• [Your objective] Repeat the entries below word for word, though any picture in them should be dropped.

■ ■ ■ ■ ■

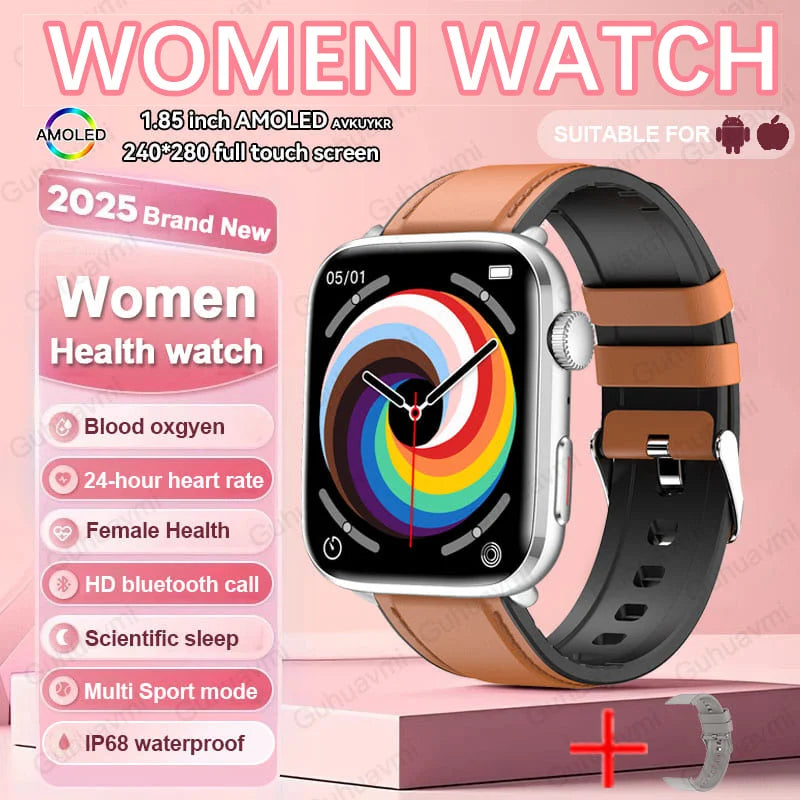 AI Smart Health Watch - HRV+PPG Blood Pressure & Heart Rate Monitor with IP68 Waterproof & NFC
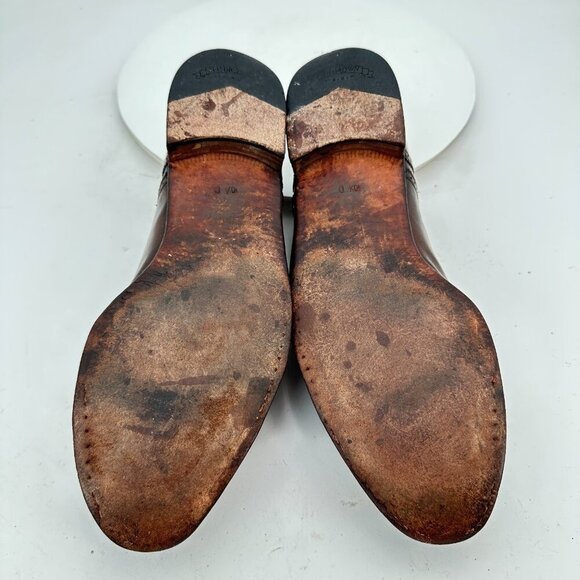 HH Brown Men Size 10.5D Brown Leather Cap Toe Brogue Oxford Dress Shoes - Picture 8 of 13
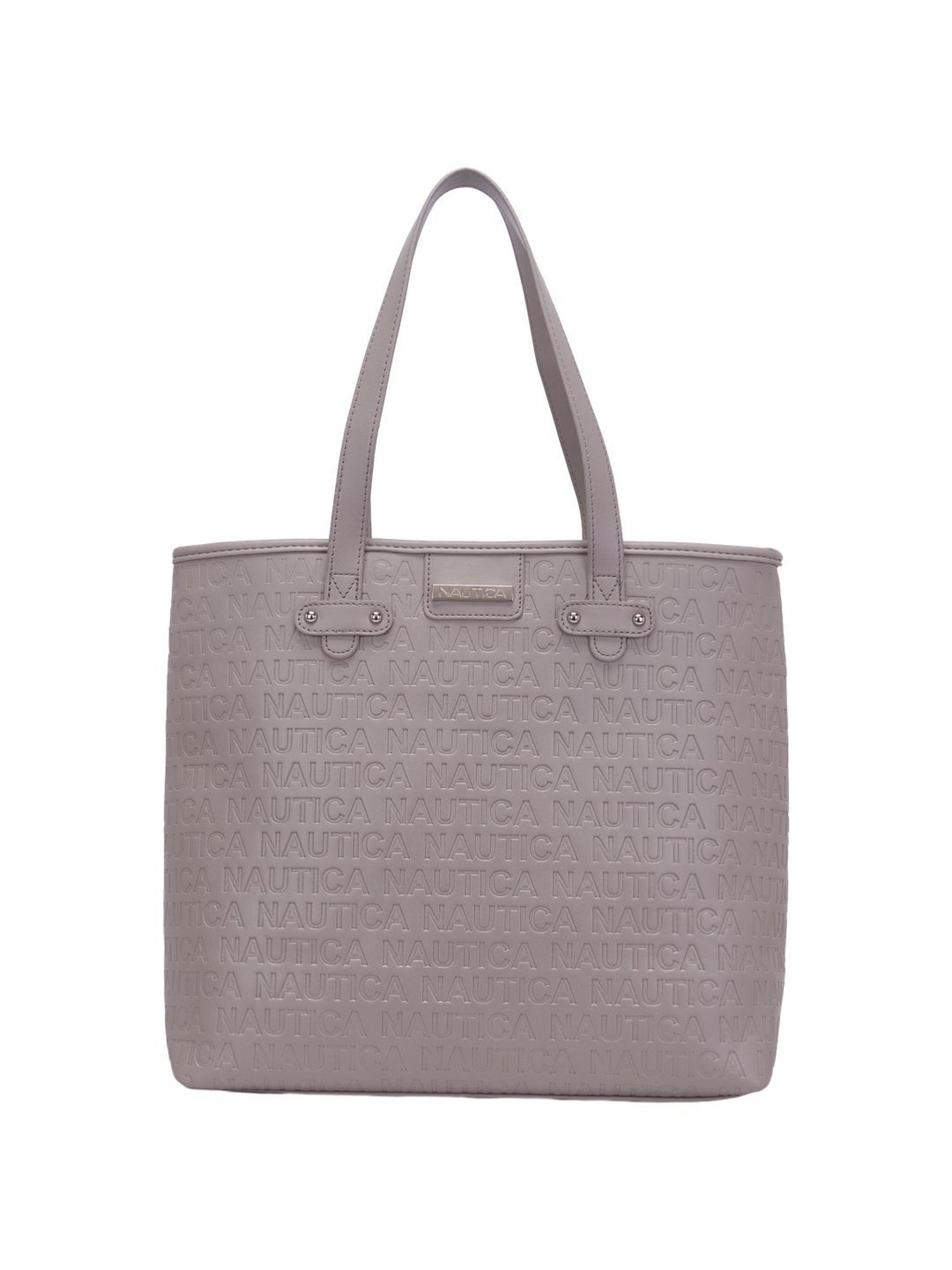 Nautica Grey Solid Medium Tote Handbag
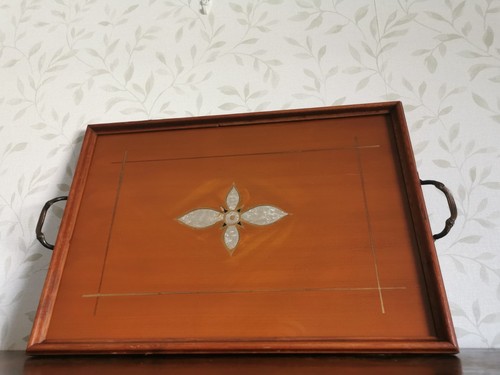 Vintage oak serving tea tray - vintage,
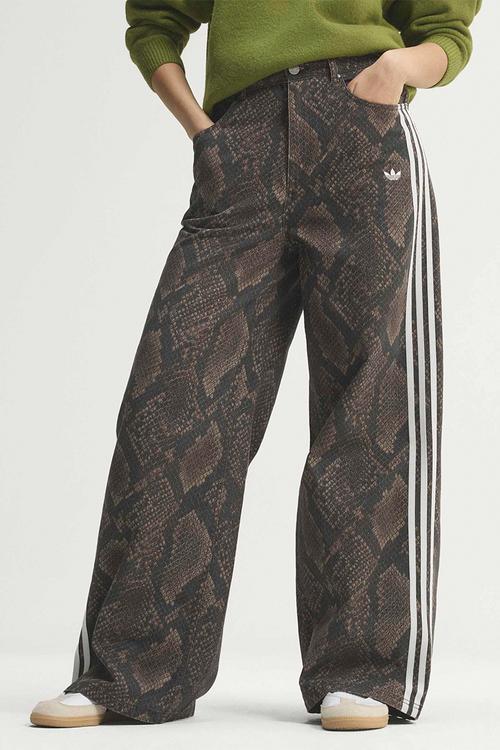 Snake Print Denim Loose Pants - Brown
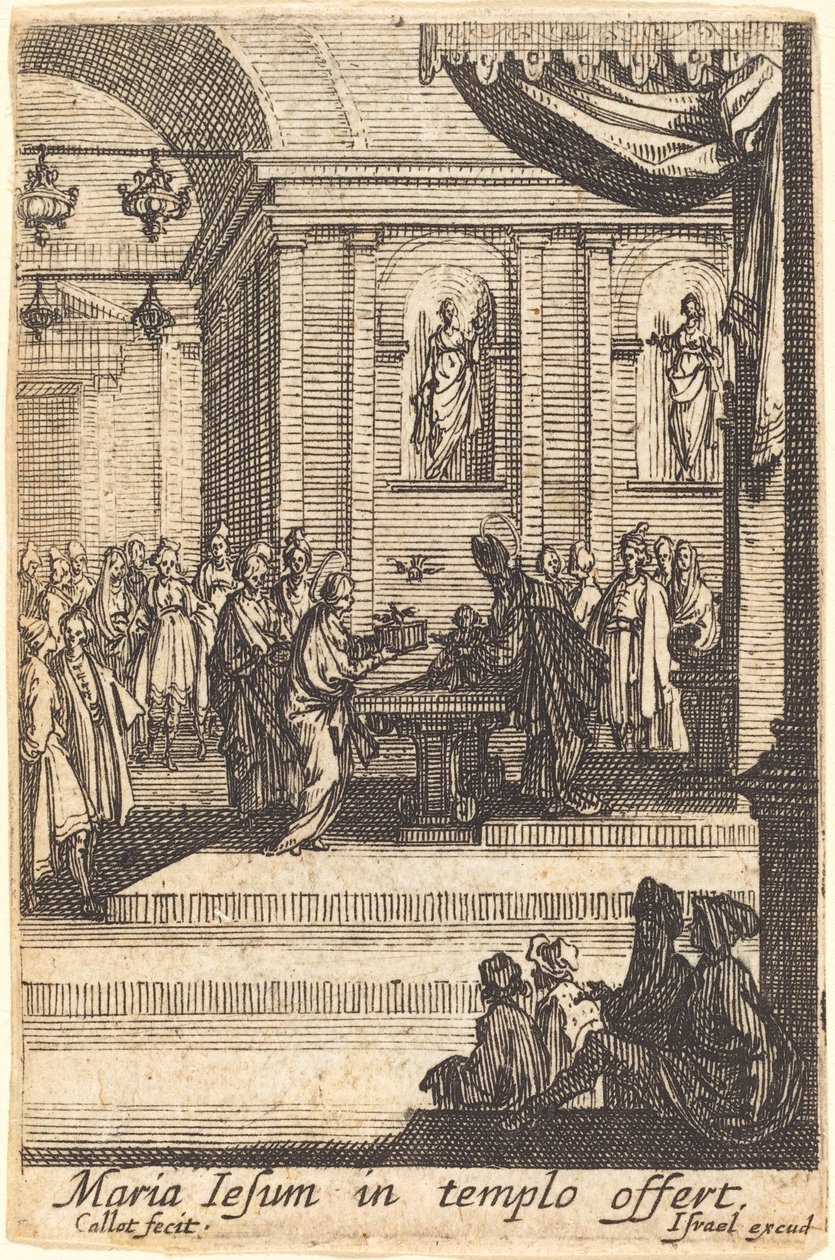 Neitsyt esittelee Jeesuksen temppelissä tekijältä Jacques Callot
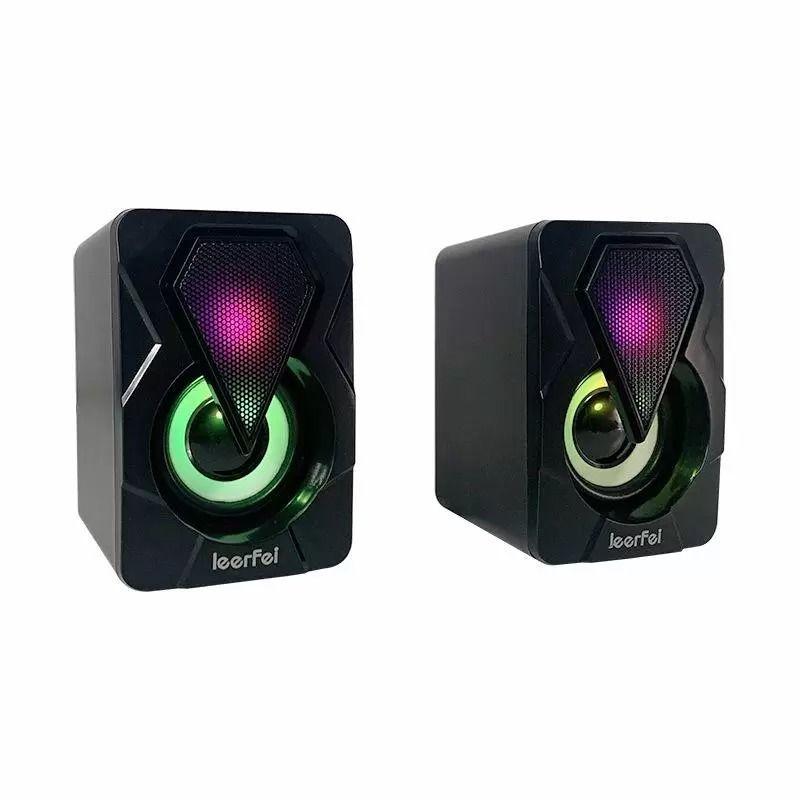 Parlante Speaker PC retroiluminado LED 2.0 Leerfei-1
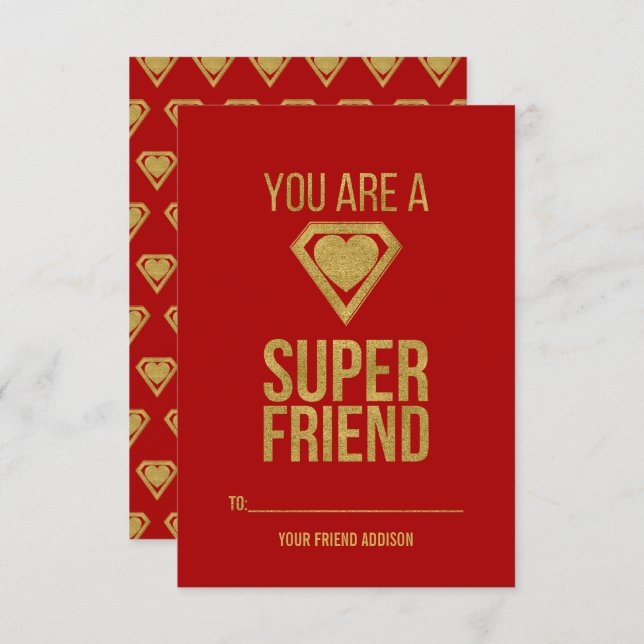 Gold Superhero Friend Classroom Valentine Card Red (Front/Back)
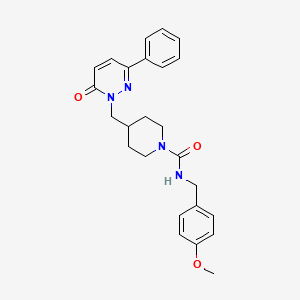 molecular formula C25H28N4O3 B2410153 N-[(4-methoxyphenyl)methyl]-4-[(6-oxo-3-phenyl-1,6-dihydropyridazin-1-yl)methyl]piperidine-1-carboxamide CAS No. 2097899-42-6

■ ■ ■ ■ ■

• [Task solution]
 AI Smart Health Watch - HRV+PPG Blood Pressure & Heart Rate Monitor with IP68 Waterproof & NFC
 HH Brown Men Size 10.5D Brown Leather Cap Toe Brogue Oxford Dress Shoes - Picture 8 of 13
 Nautica Grey Solid Medium Tote Handbag
 Vintage oak serving tea tray - vintage,
 Snake Print Denim Loose Pants - Brown
 Neitsyt esittelee Jeesuksen temppelissä tekijältä Jacques Callot
 Parlante Speaker PC retroiluminado LED 2.0 Leerfei-1
 Gold Superhero Friend Classroom Valentine Card Red (Front/Back)
 molecular formula C25H28N4O3 B2410153 N-[(4-methoxyphenyl)methyl]-4-[(6-oxo-3-phenyl-1,6-dihydropyridazin-1-yl)methyl]piperidine-1-carboxamide CAS No. 2097899-42-6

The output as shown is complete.